YOUR TASK:
In the data below, find the line with "lamp with the" and the line with "Gifts for Men Him, Cell", then restate both and every line between them exactly, minus the pictures.

DATA FOR ANALYSIS:
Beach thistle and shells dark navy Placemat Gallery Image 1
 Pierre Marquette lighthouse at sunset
...
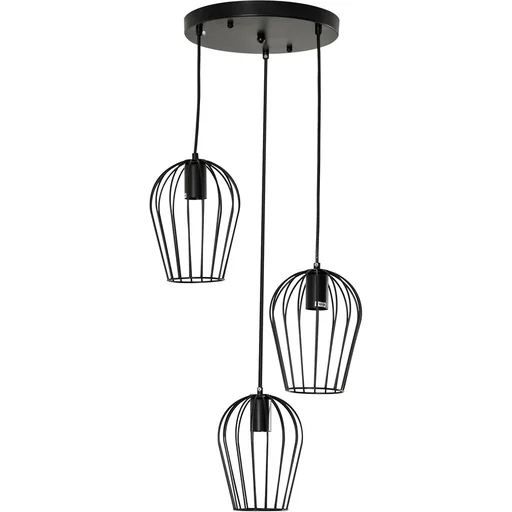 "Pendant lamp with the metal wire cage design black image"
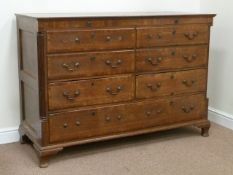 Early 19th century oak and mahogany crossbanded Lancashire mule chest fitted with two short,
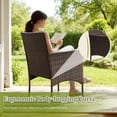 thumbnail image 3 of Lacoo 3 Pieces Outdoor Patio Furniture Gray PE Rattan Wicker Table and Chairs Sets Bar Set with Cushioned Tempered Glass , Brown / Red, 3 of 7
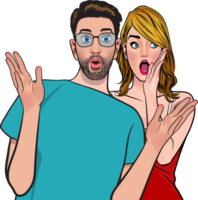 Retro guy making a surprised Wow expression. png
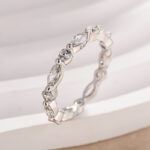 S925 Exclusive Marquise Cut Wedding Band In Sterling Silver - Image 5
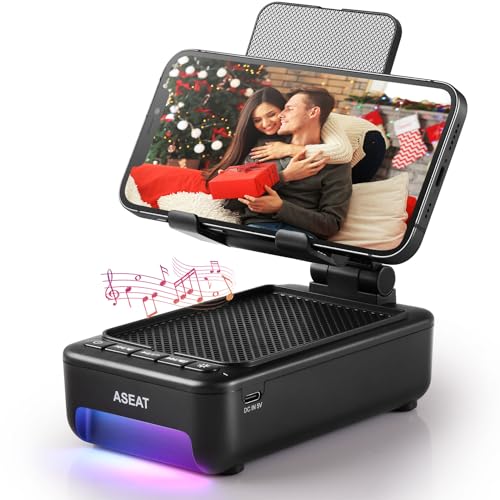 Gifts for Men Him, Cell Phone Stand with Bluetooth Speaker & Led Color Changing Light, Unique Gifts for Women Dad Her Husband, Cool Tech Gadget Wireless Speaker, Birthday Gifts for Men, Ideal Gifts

EXERCISE RESULT:
 "Pendant lamp with the metal wire cage design black image"
 Early 19th century oak and mahogany crossbanded Lancashire mule chest fitted with two short,
 thumbnail image 3 of Lacoo 3 Pieces Outdoor Patio Furniture Gray PE Rattan Wicker Table and Chairs Sets Bar Set with Cushioned Tempered Glass , Brown / Red, 3 of 7
 Retro guy making a surprised Wow expression. png
 S925 Exclusive Marquise Cut Wedding Band In Sterling Silver - Image 5
 Gifts for Men Him, Cell Phone Stand with Bluetooth Speaker & Led Color Changing Light, Unique Gifts for Women Dad Her Husband, Cool Tech Gadget Wireless Speaker, Birthday Gifts for Men, Ideal Gifts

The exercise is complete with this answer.